Six major questions and 21 subquestions were formulated. The major questions are:
Patient Population and Settings
Patients with cancer-related pain were the subjects of epidemiologic studies and controlled clinical trials. In the present literature review, we define cancer-related pain as pain caused by the disease or its treatment, such as surgery, radiation therapy, or chemotherapy. Patients with post-mastectomy pain were included, as were patients with pain resulting from the side effects of anti-tumor treatment, such as mucositis. Patients with cancer often experience pain from causes unrelated to cancer, and treatment of such pain cannot be omitted from their care. We did not, however, include trials exclusively concerned with the treatment of acute postoperative pain.
We performed a systematic review of the best available evidence to address the above questions. Cancer disease burden and the prevalence of cancer-related pain were estimated from epidemiologic surveys. MEDLINE, CancerLit, and Cochrane Controlled Trials Registry databases between 1966 and December 1998 were searched using a sensitive search strategy for English-language human studies. Titles and abstracts of the retrieved citations were manually screened to identify potentially relevant studies. We consulted the technical experts and colleagues and examined the bibliographies of selected review articles and published meta-analyses on this subject for additional references.
We extracted data from primary clinical studies that met inclusion criteria to create an evidence table for each of the major questions or subquestions, as appropriate. Randomization of subjects into treatment and control groups (that do not get the experimental treatment) in order to minimize the effect of confounding variables is especially important in clinical trials of interventions for pain relief, as is the use of "blind" studies in which the subject alone (single-blind) or both the investigator and the subject (double-blind) are unaware of the specific treatment being applied. A multidimensional evidence grading scale (internal validity, applicability, study size, and effect size) was used to denote the quality of individual studies, and the quality of the evidence pertinent to each of the questions was summarized. Other details of the included trials, such as the method of randomization and whether or what type of blind study were examined.
Studies that met the inclusion criteria for meta-analysis within each subquestion were combined using a random effects model. For most questions, meta-analysis was not possible. Therefore, for each question we supplemented the evidence grading of relevant trials with a narrative summary of those trials. At the request of AHRQ, we supplemented the above evidence by examining results from 100 nonrandomized comparative studies to address questions for which evidence from randomized controlled trials was lacking.
Our search strategy identified over 19,000 titles. After a series of screening processes, 24 epidemiologic surveys and 189 randomized controlled trials of treatments qualified for inclusion in this report.
The overall methodological quality and reporting of treatment studies in this field compare unfavorably with those of other high-impact conditions. The average numbers of patients in trials of primary analgesics—non-steroidal anti-inflammatory drugs (NSAIDs) and opioids—were 84 and 68 (range 24 to 180 and 10 to 699, respectively). Studies of biphosphonates enrolled an average of 111 patients (range 13 to 614). Trials of the palliative use of primary cancer treatment modalities—chemotherapy and radiotherapy—enrolled an average of 226 patients (range 38 to 1,016).
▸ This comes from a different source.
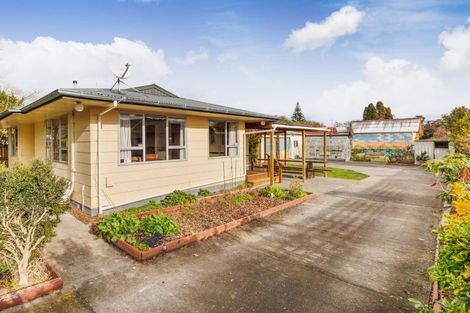 Photo of property in 86 Maxwells Line, Awapuni, Palmerston North, 4412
Twenty-six out of 41 studies in the group of opioid versus opioid comparisons were crossover trials, in which the carryover effect from an earlier treatment might be a problem due to an inadequate washout interval.
The primary outcome of pain intensity or pain relief is subjective and has long been recognized to be susceptible to bias in studies that are not blinded to the investigators and patients. Particularly in analgesic trials, inclusion of control treatments (either active or placebo) helps prevent overestimation of treatment effects. Ethical considerations are often advanced for the absence of placebo controls in cancer pain trials, yet some trials were able ethically to employ placebo controls by allowing patients ready access to medication if needed ("rescue" medication).
The number of possible meta-analyses was limited by heterogeneity of interventions and outcomes reported, and incomplete reporting (such as absent data on variability of the outcome estimates). Most studies do not specify whether pain is assessed at rest, or with movement, or reflects breakthrough episodes of increased intensity. Reporting on broad categories of probable mechanism of pain, i.e., nociceptive or neuropathic, was inconsistent.
1. What are the epidemiological characteristics of cancer-related pain, including pain caused by cancer, by the side effects of cancer treatment, and by procedures used to treat cancer?
Epidemiologic evidence on the incidence and prevalence of cancer, on the incidence of cancer-related pain, and on the likelihood of increasing pain intensity with advancing cancer stage indicates that cancer pain adds substantially to the already considerable national disease burden of cancer. Minorities, women, and the elderly may be at greater risk for undertreatment of pain. Survey data for the most part do not distinguish between different etiologies and mechanisms of cancer pain. Prevalence data imply that the number of patients enrolled in methodologically sound trials of cancer pain relief is a tiny fraction of those receiving care. Relatively few subjects are enrolled per trial, and the total number of published randomized controlled trials relative to patients under care is much lower than for nearly all other high-impact, costly conditions.
2. What is the relative efficacy of analgesics currently used for cancer pain?
The number of randomized controlled trials evaluating analgesic drugs for cancer pain relief is small, although increasing. Direct interclass comparisons of efficacy are possible between opioids and NSAIDs. The included trials do not differentiate the relative efficacy of these two types of agents administered through various routes to patients with mild, moderate, or severe cancer pain.
There is evidence of an opioid dose-sparing effect from co-administration of an NSAID but no consistent reduction in side effects from co-administration. Placebo controls, particularly in analgesic trials, are valuable to prevent overestimation of treatment effects, yet for ethical reasons such controls are rare in cancer pain trials. The heterogeneity of existing trials precludes meta-analyses to address most subquestions.
Ten studies addressed the relative analgesic efficacy of various NSAIDs versus other NSAIDs or placebo. Of these, only one study disclosed a significant difference in analgesic efficacy between two NSAIDs. These 10 studies could not be combined due to heterogeneity in the outcomes assessed, drug doses and schedules compared, and study duration.
Trials to compare the efficacy of NSAIDs versus "weak" opioids (i.e., opioids commonly prescribed for mild to moderate pain) reveal no difference in analgesic efficacy between these two classes of agents, even when the latter are co-administered with the same NSAID tested in the former arm. These trials enroll relatively small numbers of patients and follow them for intervals of hours to days and only occasionally for periods as long as 2 weeks. Many examine drugs not available in the United States or not generally employed for cancer pain relief (e.g., pentazocine).
Our efforts to strengthen such evidence by examining nonrandomized trials were not fruitful. One randomized controlled trial evaluated oral transmucosal fentanyl citrate for breakthrough pain (using a study design in which rescue doses of morphine were available) and demonstrated its superiority to placebo. We found no randomized controlled trials addressing analgesic efficacy and safety of NSAIDs selective for the cyclooxygenase-2 isozyme in treating cancer pain.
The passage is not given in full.